The world of beer is a wonderous place and, while it may seem to have remained unchanged in Australia for many years the reality is very different.

It was not so long ago that brewers used around four litres of water to brew one litre of beer. In this day of more critical observation of the way we live that would certainly raise eyebrows – and now many brewers are changing the way they source, use and recycle the resources necessary to brew our golden nectar.

A visit to Mountain Goat brewery is not just highly recommended from a beer-drinking perspective but, if you want to feel that the future of our planet really is in good hands, take the time to look around the brewery as you sip your pint. Note the water tanks harvesting and filtering the good stuff straight off the roof or the company supplied bicycles available to staff for running errands like banking or lunch runs.

A glance skyward before you go in will reveal a solar heating system on the roof ensuring that nature warms the mash water so that less reliance is put upon the more expensive and energy-greedy mains system. A range of other staff incentives and generous community involvement further establishes the Goat’s pre-eminence in the field of ‘looking after the planet’.

As to the beer itself, it was Cascade who, in 2008, released its Cascade Green beer, a brew proudly boasting a 100% carbon neutral footprint. For those who knew that beer had a ‘profile’ or ‘character’ and perhaps even some ‘provenance’ but didn’t realise it had a ‘footprint, here’s the word. Cascade has worked on minimising greenhouse gas emissions and wastage in the brewing process for over a decade and has recently adopted even more efficiencies in waste water recycling, malting water use and waste management to achieve a 30% reduction in water usage per unit of production.

They have now gone a step further with a new innovation – a solar powered pub light installed four months ago at The Fox Hotel in the inner Melbourne suburb of Collingwood. Made from recycled plastic, aluminium and a fancy-arsed plastic called PETG it ticks all the boxes for standards required for the Carbon Pollution Reduction Scheme.
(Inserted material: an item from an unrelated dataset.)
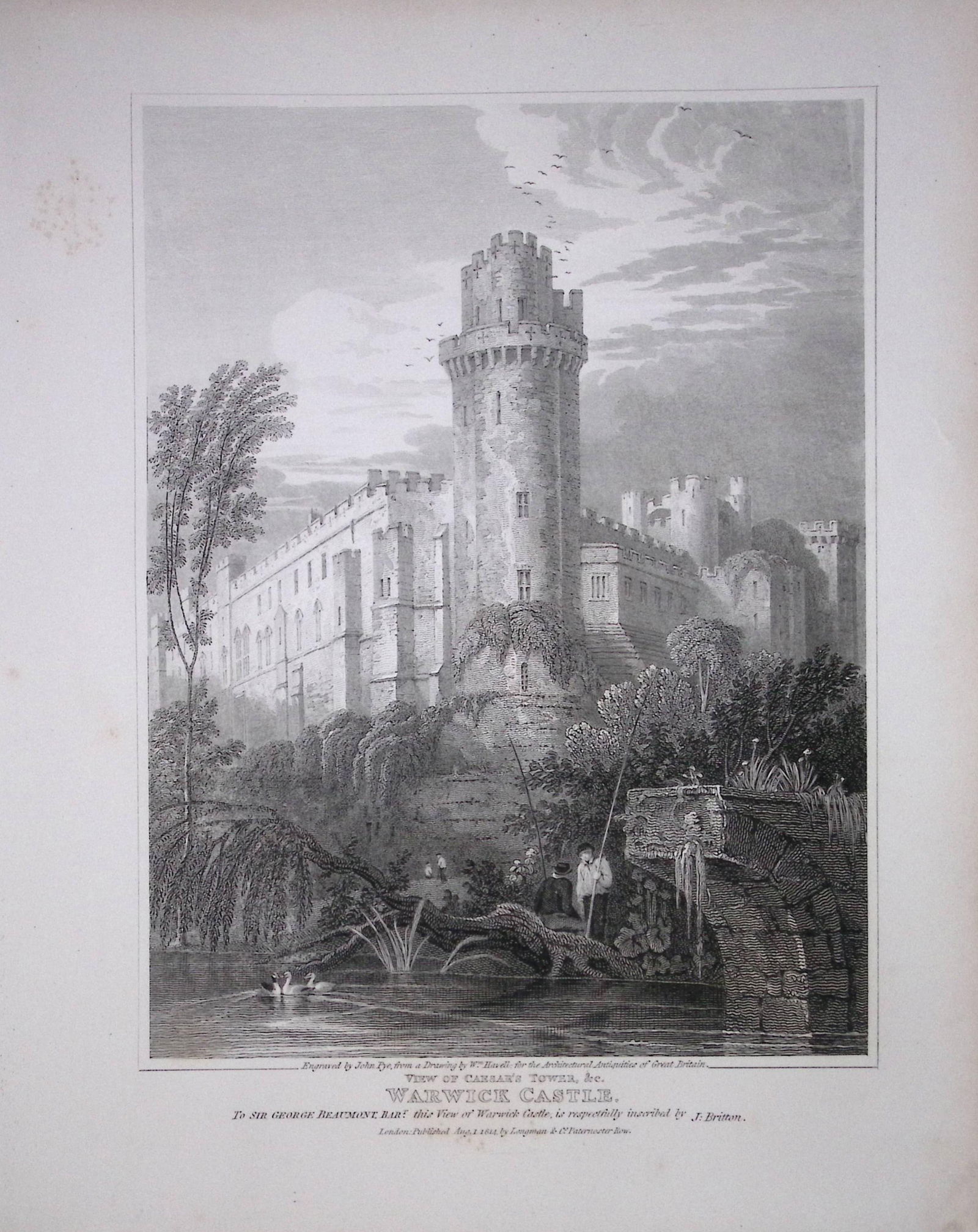 Warwick Castle Warwick 190 Years-Old Rare John Britton Antique Steel Engraving-124 (1 of 1)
An LED bulb set up illuminates the light box and the maker reckons it will give about 50,000 hours of service. No wiring means a publican can stick it anywhere without the expense of a sparky and the globes should last around 10 times longer than a fluro tube set up. It’s a little gimmicky and only a small thing, but even ‘the longest journey begins with the smallest step’. Geez, this saving-the-world thing is causing me to channel medieval Chinese philosophers!!

I know I may have been just a little sceptical of the Global Warming Alarmists and the trendy cause-fighters looking for political mileage, but at least this one is genuinely beer-related and seemingly immune from corruption and incompetence.

Maybe if Peter Garrett had jumped on this Cascade bandwagon instead of trying to stuff pink batts into everyone’s ceilings, he’d still have his old job? And Kev could’ve saved a shitload of Carbon Credits by staying at home, drinking Cascade Green or Mountain Goat Hightail Ale at The Fox Hotel and then sold the Solar Pub Light to those other peanuts in Copenhagen?